Pour autant, un administrateur indépendant peut et doit avoir un rôle utile en de pareilles circonstances. En effet sa position particulière, à la fois extérieure et proche, par rapport à l’entreprise et qui lui permet de ne pas avoir (selon l’expression du langage courant) « le nez dans le guidon » peut se révéler un atout important vis à vis d’une Direction Générale et d’un management légitimement mobilisés par la gestion des urgences et qui peuvent donc tirer bénéfice d’une vision différente.
Mais comme toute crise, la situation actuelle est un révélateur éventuellement cruel de nos forces et de nos faiblesses : l’utilité d’un administrateur indépendant dans la période actuelle sera fonction des qualités techniques intellectuelles et humaines dont il aura fait preuve ou qu’il révélera à cette occasion, et des rapports de confiance qu’il aura su ou saura nouer avec ses pairs du conseil d’administration et avec le management de l’entreprise.
C’est pourquoi la définition « en creux » de l’administrateur indépendant qu’est « l’absence de relations avec la société » ne doit pas faire oublier que (pour citer le code Afep-MEDEF) tous les administrateurs, indépendants ou non, doivent être « intègres, compétents, actifs, présents et impliqués » et ces qualités, alliées à une bonne dose d’esprit d’équipe – l’indépendance n’excluant pas, bien au contraire, l’interdépendance – peuvent et doivent faire de l’administrateur indépendant un partenaire et un conseiller utile et engagé dans la lutte pour la survie de l’entreprise, le maintien de sa culture et de ses valeurs – qui sont une condition essentielle de sa résilience – et son retour à la croissance.
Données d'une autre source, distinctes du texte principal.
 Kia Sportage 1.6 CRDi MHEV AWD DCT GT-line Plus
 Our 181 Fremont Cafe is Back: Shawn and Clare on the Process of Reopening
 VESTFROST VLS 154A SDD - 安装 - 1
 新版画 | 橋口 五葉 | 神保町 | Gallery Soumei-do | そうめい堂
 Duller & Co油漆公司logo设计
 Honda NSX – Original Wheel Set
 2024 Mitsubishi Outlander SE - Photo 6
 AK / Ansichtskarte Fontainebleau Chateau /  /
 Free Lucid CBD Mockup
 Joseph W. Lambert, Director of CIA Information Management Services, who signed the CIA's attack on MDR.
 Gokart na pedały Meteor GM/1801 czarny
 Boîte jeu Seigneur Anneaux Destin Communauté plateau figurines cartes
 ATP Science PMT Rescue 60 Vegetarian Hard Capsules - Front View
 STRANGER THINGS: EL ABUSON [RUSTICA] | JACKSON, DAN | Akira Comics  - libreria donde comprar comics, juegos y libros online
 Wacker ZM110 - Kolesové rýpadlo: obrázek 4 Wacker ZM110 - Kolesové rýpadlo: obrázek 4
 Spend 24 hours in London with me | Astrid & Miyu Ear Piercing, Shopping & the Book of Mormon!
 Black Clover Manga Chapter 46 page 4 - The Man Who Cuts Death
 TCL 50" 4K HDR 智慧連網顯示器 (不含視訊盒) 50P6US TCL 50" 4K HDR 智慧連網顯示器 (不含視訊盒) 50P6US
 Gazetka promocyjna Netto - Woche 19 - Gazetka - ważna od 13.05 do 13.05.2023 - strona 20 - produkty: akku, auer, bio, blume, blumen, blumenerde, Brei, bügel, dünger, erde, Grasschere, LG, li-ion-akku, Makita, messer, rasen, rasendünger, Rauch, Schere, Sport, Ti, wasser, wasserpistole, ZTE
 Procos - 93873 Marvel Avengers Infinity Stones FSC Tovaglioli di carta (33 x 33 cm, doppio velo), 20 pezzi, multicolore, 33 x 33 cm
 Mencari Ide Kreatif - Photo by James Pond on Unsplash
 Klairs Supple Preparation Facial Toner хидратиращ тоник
Encore faut-il déployer cette coopération « management/administrateur » sur le terrain et il faut probablement pour cela – une situation exceptionnelle appelant des moyens exceptionnels – savoir être créatifs et compléter les figures imposées et indispensables de la gouvernance que sont les conseils et comités spécialisés, par des contacts plus fréquents et moins formels permettant d’échanger en temps quasi réel et en confiance sur l’évolution de la situation et les décisions prises ou à prendre.
Les temps difficiles que nous vivons constituent pour tous – et les administrateurs indépendants n’y font pas exception – un défi de grande ampleur mais ils nous donnent aussi l’occasion de nous demander honnêtement si nous sommes (à peu près) à la hauteur de la situation et de nos responsabilités, et plus encore de nous efforcer de l’être.